“Buchanan also senses things are changing. Even in the colony people are becoming too independent-minded for his liking. He gives speeches in Council about how vulnerable Carthage still is, how it constantly totters at the edge of destruction.”
“Uttering such phrases is just part of who he is. We are the shadow that gives meaning to his light. If he didn’t have a real threat, he would have to invent one.”
Hadrian studied his friend with fresh worry. “Meaning he has a real threat now?”
Nelly returned his steady gaze without speaking.
“Things are going to be different,” he said. “He’s been looking for a reason to clamp down, to secure more power.” He looked away, apology now in his tone. “One of his policeman was murdered, Nelly. The night you escaped.”
Her breath choked. She dropped into her chair.
“Who helped you at the prison?” he asked. “You were on that steamboat that sailed out at dawn, you must have been.” He sighed in frustration when she didn’t answer. “Buchanan wants to be able to call it a budding insurrection. It’s the opportunity he has been waiting for. He will use the exiles as his scapegoats and take more power as a result. If he can’t destroy you, he’ll simply annex you and throw all your leaders into prison.”
Nelly looked out the window into the darkness. “Every night since I heard of Jonah’s death I’ve had the same nightmare.
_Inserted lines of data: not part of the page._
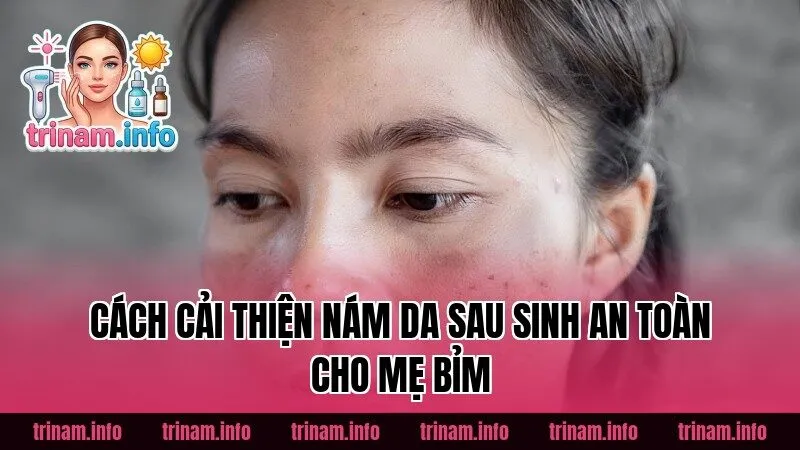 Cách cải thiện nám da sau sinh an toàn cho mẹ bỉm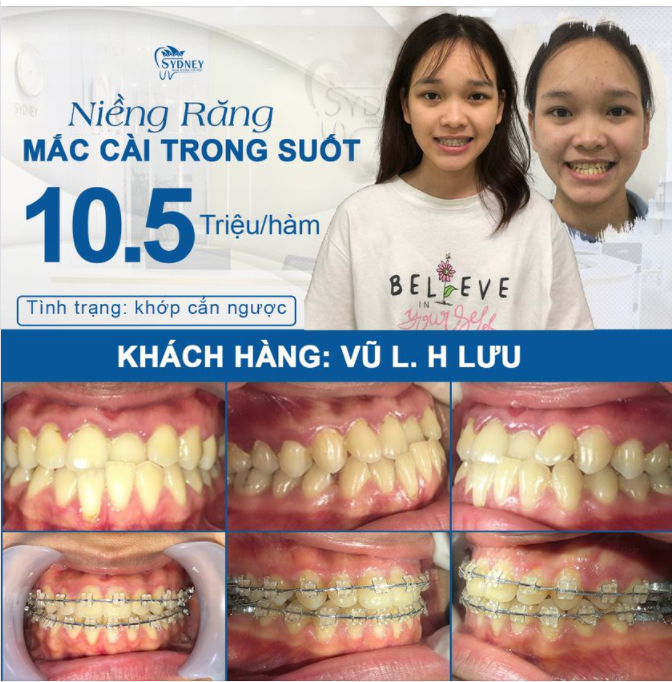 GIẢI QUYẾT HOÀN TOÀN KHỚP CẮN NGƯỢC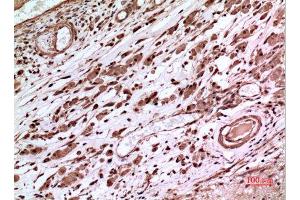 Immunohistochemistry (IHC) analysis of paraffin-embedded Human Brain, antibody was diluted at 1:100. (p53 antibody  (Tyr216))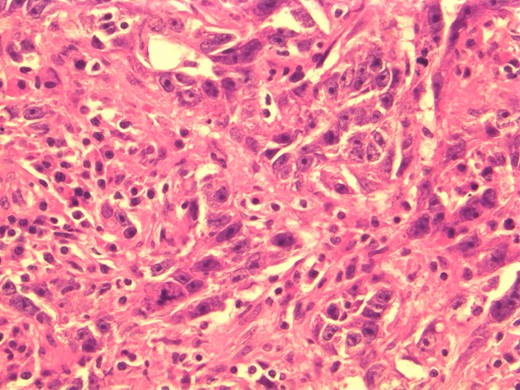Photomicrograph: large nuclei with eosinophilic cytoplasm and prominent nucleoli consistent with apocrine differentiation.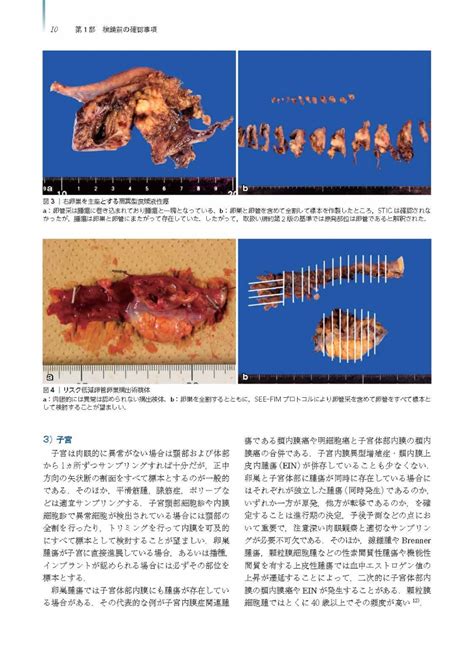 楽天ブックス 卵巣腫瘍・卵管癌・腹膜癌 改訂・改題第2版腫瘍病理鑑別診断アトラス 清川 貴子 9784830622694 本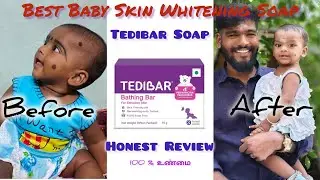 Tedibar Soap My  Honest Review| Skin whitening| Baby care|Best Soap  For all skin Type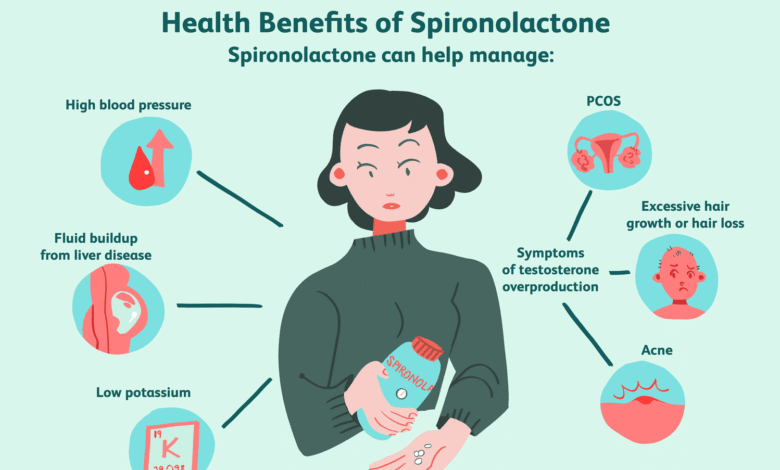 Spironolaktonas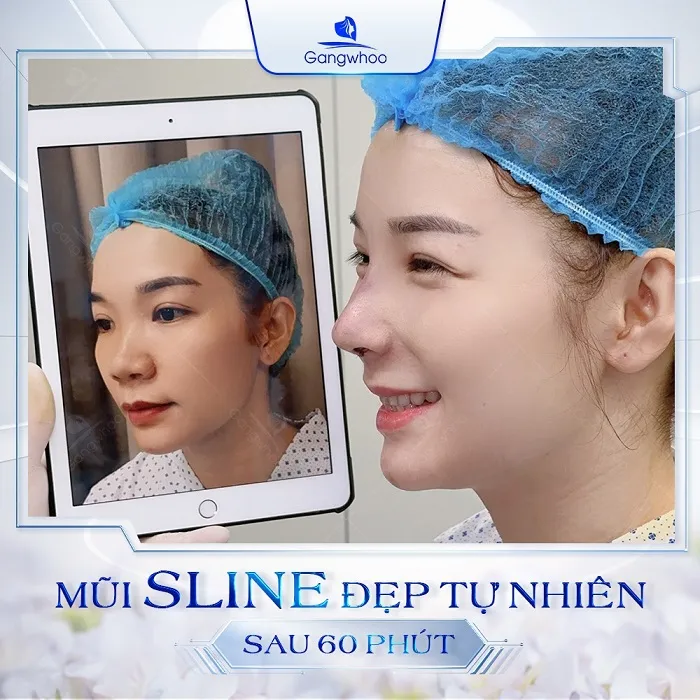 Ưu điểm nâng mũi S line 6D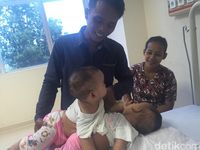Bayi Kembar Siam Adam-Malik Segera Dioperasi Tim Dokter RSUP Medan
I’m in a chair on a porch, rocking in the dark. Jonah appears and puts his hand on my shoulder. Not Jonah. His ghost. He says he forgives me for his death. It makes no sense. It tears my heart out.”
Once more Hadrian had the sense that it was Jonah who’d set in motion the machinery that seemed to be grinding them all up. He recalled the ominous message Jonah had sent to her. “What did he mean, Nelly, about the shifting of the world being upon us?”
“I told you I didn’t know. But it wasn’t a message I could ignore. Shenker had just come back into camp from one of his travels. He said we had to go, right away, he promised to go with me. We signaled immediately that we were coming.”
“You mean with the tree on the ridge.” She did not respond. “But I think you had some idea of what he wanted.”
“Something about the medicines, that’s what I assumed.”
“You said you made a list of illnesses.”
“Carthage needs medicines too. I think he thought that working jointly to heal the sick would bring us together.”
“What illnesses? What were the ones you told him about?”
“Influenza. Dysentery. Typhus. Snow blindness. Dropsy.”
“Snow blindness?”
“It’s what they’re calling a new disease among our young. They go into intermittent comas. Their eyes go all white. Three or four have died.”
Hadrian stared at her in silence. “In Carthage,” he said, “we call it an industrial accident.” He began to explain what he knew about the death of Jamie Reese. “It had something to do with the murder of that policeman, I am sure of it,” he concluded. “What was it, Nelly,” he pressed, “why did Jonah have to see you so urgently?”
“Don’t you think I’ve been trying to understand ever since I saw you with his body that night?
“You saw me?”
“I was in the crowd, with my cloak over my head. I was about to run inside to look for him when you came out carrying him. Shenker pulled me away, said police would be swarming over the building soon.”
“But you had been watching the building, waiting for a safe time to go in to Jonah. Surely you saw something.”
“We were waiting in the shadows for more than hour. Two families came out carrying books. A delivery boy took in what looked like a tin of food, ran out a few minutes later. A police patrol went by. I’ve replayed it in my head again and again. There was nothing suspicious.”
“You watched the rear door too?”
“Shenker did. Whichever entry cleared first we would use to go to Jonah. A janitor left, he said. A garbage wagon was emptying bins.”
“His funeral was two days later. Where were you? Not at his house. I was there.”
“I was there too, long enough to see through the window that it had been ransacked.”
“Where were you?” he asked. “Maybe I can find witnesses who will help, at least make it clear you didn’t kidnap the owner of that house.”
“Sanctuary is where you take it,” came her cryptic reply.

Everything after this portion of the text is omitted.